Miguel Cárceles
Periodista
Bordeo los treinta años. Y desde que tengo uso de razón, siendo un pequeñajo, el soterramiento ya era el ilusionante proyecto que iba a cambiar Almería. Esa gran obra que, junto a la Rambla, iba a convertir esta ciudad provinciana y cada vez más capital en una urbe digna de envidia. Las vías ya no serían esa ferramenta que distinguiera a los almerienses en dos: los que viven ‘más pacá’ del tren y los que viven ‘más pallá’. Y además, iba a permitir mantener en pie y en uso uno de los edificios que más me gusta observar y que, cada vez que he vivido fuera de Almería, más he echado de menos: la estación antigua.
Ayer, al oír de los representantes ciudadanos que el soterramiento ira inviable, aunque le sumaran la coletilla de “por el momento”, no pude hacer otra cosa que pensar en aquellos miles de almerienses que, como yo, desde bien pequeños, habían observado el soterramiento como ese proyecto ilusionante que hiciera pasar a Almería de capital de provincias a gran ciudad.
No seré yo quien culpe a unos y exculpe a otros. Aquí todos están en el ajo. En treinta años ha habido decenas de gobiernos, de un color y de otro, que han tenido la oportunidad de meter la piqueta sobre la playa de vías de la estación de Almería. Ahora no hay un duro, pero ha habido épocas en las que la ‘pasta’ daba hasta para construir aeropuertos sin apenas uso. Y en cambio, el proyecto de Almería siempre estuvo ahí, en el cajón. A la espera.

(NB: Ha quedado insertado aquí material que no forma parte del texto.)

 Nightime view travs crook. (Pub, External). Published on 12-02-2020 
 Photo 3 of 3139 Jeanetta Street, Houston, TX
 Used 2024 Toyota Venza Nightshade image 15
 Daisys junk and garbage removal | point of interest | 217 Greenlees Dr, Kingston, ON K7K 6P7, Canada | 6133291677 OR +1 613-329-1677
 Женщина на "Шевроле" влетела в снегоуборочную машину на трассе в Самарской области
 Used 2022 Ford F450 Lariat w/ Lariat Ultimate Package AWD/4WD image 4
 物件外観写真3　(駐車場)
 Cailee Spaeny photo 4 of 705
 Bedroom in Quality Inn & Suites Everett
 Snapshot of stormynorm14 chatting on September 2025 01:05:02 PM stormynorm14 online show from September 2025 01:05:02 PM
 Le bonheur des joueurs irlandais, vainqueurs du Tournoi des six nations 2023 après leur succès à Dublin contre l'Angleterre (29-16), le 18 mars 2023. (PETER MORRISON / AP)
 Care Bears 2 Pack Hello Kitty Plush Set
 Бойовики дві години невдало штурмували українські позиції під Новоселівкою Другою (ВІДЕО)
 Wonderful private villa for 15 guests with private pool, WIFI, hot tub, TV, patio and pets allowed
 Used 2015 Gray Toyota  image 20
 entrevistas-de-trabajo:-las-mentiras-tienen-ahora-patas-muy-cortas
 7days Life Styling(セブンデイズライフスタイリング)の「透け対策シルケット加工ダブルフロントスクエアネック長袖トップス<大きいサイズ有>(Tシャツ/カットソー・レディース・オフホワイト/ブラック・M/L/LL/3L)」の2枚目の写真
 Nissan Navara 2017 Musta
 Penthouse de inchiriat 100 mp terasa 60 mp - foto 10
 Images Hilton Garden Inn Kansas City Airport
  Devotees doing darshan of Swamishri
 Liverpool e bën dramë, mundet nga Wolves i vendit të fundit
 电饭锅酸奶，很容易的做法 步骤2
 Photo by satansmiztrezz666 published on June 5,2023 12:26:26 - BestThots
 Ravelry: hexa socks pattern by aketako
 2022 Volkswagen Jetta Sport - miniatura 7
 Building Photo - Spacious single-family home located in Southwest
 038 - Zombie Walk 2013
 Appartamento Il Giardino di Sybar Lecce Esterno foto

En estos últimos tiempos he escuchado a varias personas cuyo intelecto envidio hablar de lo absurdo que supone ponerse melancólico y creerse el centro de los males. Pensar que en cualquier ciudad o a cualquier persona las cosas les van mejor que a nosotros. En Almería, es una actitud que se ha convertido en ‘deporte nacional’. Y no lo voy a hacer. Realmente a ningún almeriense le va a suponer mucho problema tener que trasladarse a El Puche -si al final se opta por esta solución- a coger el tren en lugar de hacerlo junto al Toblerone. Por suerte Almería no es Manhattan. Pero lo que sí voy a hacer es lanzar el reproche que, estoy seguro, mañana escucharé a algún urbanita en penitencia en la barra de algún bar cuando vaya a tomarme un café: “para esto no hacían falta treinta años”.